Durante treinta años viví en un piso bajo de un edificio de cuatro plantas, por mi ventana pasaba la gente y nunca sabías si se miraba en el cristal o husmeaba por el interior. Ahora, en las noches de ventanas abiertas, desde la cama puedo ver las copas de las palmeras a la altura de mis ojos, y, más allá y más abajo, las farolas encendidas de la avenida Ramón y Cajal, que tantas veces recorrí camino del instituto, e incluso, a lo lejos, hundidas en la Sevilla al nivel del mar, las balizas de luz roja en lo más alto del puente del Centenario.
La imagen de esta porción de ciudad, a la hora tibia en que el pueblo se recoge, es una de esas instantáneas que permanecen en el tiempo y persigues cada verano.
En aquella habitación de estudio apuntando al piso bajo del bloque de enfrente, nunca vi a Audrey Herpburn cantando en el alféizar de su apartamento, ni siquiera llegué a imaginar que algo parecido pudiera ocurrir, así que nunca me creí George Peppard, en su papel de escritor enamorado, y mi historia de adolescente se alimentó de realismo mágico, es decir, de encontrar a personas de la vida real que no necesitan, como la amada de Serrat, lavarse cada noche con agua bendita.
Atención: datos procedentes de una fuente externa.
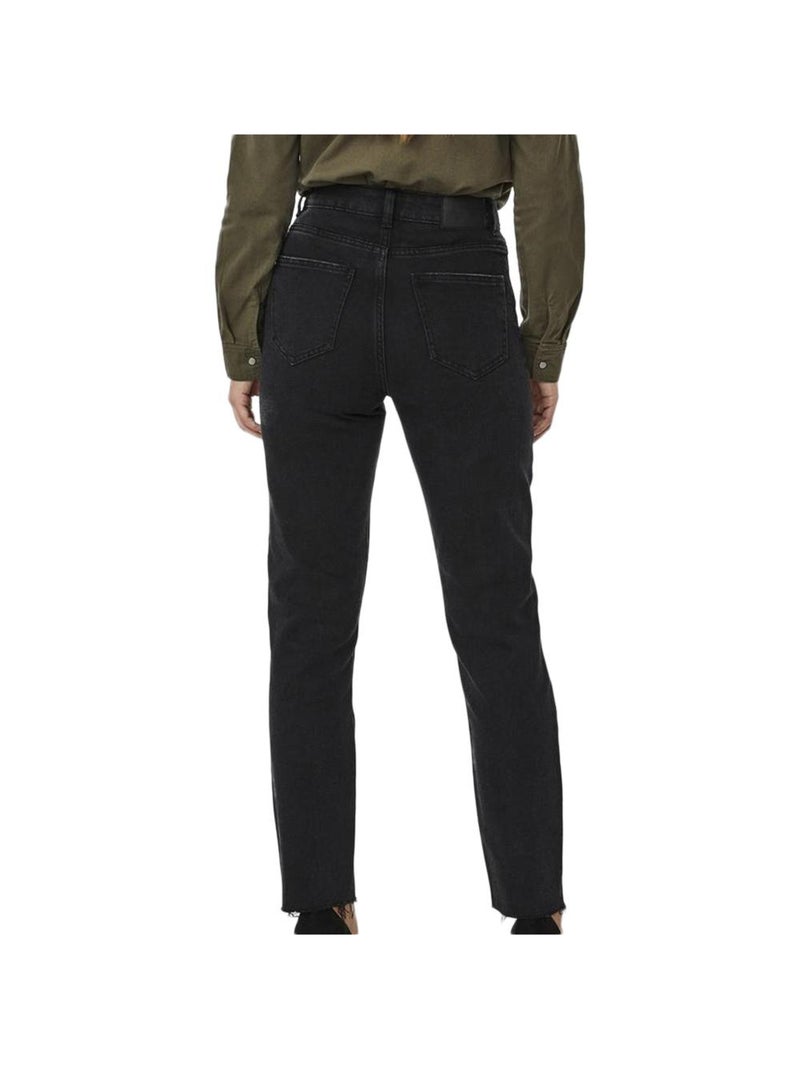 Jean Taille Haute Femme Vero Moda Noir - Kiabi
Hoy, desde mi habitación con vistas, intento, o aspiro al menos, leer la vida como la escribo, y viceversa, lo que resulta todavía más doble tirabuzón. Respecto a la canción más hermosa del mundo, tal vez Moon River, me queda bien lustrosa, al cabo de los años, junto a otros cientos de momentos íntimos o compartidos y disfrutados con gente como, por ejemplo, tú.